Data extracts Start Marker

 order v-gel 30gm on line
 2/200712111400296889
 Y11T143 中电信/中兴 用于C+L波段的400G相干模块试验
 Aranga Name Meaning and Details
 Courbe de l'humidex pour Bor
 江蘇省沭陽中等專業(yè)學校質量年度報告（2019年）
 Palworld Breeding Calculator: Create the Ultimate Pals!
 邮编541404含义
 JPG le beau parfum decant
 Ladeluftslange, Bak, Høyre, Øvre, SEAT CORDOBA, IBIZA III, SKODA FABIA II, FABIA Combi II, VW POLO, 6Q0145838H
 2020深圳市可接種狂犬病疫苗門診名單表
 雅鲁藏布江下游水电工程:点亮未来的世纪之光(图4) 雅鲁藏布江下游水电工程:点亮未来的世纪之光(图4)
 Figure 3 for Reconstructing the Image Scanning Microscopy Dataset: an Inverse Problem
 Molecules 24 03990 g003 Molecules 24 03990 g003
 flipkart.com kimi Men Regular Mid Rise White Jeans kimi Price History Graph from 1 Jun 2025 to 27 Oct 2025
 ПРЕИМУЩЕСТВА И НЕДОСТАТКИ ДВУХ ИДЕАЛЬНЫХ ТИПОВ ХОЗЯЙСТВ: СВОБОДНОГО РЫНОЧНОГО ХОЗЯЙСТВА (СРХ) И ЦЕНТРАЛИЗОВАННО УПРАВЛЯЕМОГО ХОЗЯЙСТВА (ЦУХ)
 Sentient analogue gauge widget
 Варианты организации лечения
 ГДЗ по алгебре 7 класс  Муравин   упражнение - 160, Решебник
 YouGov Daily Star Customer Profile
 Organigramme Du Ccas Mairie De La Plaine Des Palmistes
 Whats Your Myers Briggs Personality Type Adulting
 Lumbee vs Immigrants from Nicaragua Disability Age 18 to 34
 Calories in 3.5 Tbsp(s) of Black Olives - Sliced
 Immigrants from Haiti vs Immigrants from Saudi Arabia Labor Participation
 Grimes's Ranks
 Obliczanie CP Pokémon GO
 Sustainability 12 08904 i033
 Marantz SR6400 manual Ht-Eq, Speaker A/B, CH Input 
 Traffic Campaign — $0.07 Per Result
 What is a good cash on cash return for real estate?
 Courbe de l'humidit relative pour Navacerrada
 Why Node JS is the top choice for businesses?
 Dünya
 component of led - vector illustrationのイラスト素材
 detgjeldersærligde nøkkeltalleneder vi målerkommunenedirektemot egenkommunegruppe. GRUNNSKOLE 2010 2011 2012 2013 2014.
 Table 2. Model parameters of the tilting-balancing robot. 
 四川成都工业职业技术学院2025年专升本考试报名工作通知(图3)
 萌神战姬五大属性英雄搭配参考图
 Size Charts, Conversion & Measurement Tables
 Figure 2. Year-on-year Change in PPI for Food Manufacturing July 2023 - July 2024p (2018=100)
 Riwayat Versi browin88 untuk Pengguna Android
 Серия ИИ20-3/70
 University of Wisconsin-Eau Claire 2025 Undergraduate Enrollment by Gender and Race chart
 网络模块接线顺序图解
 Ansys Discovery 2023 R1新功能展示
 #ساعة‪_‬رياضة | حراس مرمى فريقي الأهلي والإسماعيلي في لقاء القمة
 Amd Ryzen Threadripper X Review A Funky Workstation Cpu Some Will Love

Data extracts End Marker

Take exactly the lines from the one containing "Figure 3 for" through the one containing "YouGov Daily Star Customer Profile" in the data above, and output them with nothing added.

● **Response to the task**:
 Figure 3 for Reconstructing the Image Scanning Microscopy Dataset: an Inverse Problem
 Molecules 24 03990 g003 Molecules 24 03990 g003
 flipkart.com kimi Men Regular Mid Rise White Jeans kimi Price History Graph from 1 Jun 2025 to 27 Oct 2025
 ПРЕИМУЩЕСТВА И НЕДОСТАТКИ ДВУХ ИДЕАЛЬНЫХ ТИПОВ ХОЗЯЙСТВ: СВОБОДНОГО РЫНОЧНОГО ХОЗЯЙСТВА (СРХ) И ЦЕНТРАЛИЗОВАННО УПРАВЛЯЕМОГО ХОЗЯЙСТВА (ЦУХ)
 Sentient analogue gauge widget
 Варианты организации лечения
 ГДЗ по алгебре 7 класс  Муравин   упражнение - 160, Решебник
 YouGov Daily Star Customer Profile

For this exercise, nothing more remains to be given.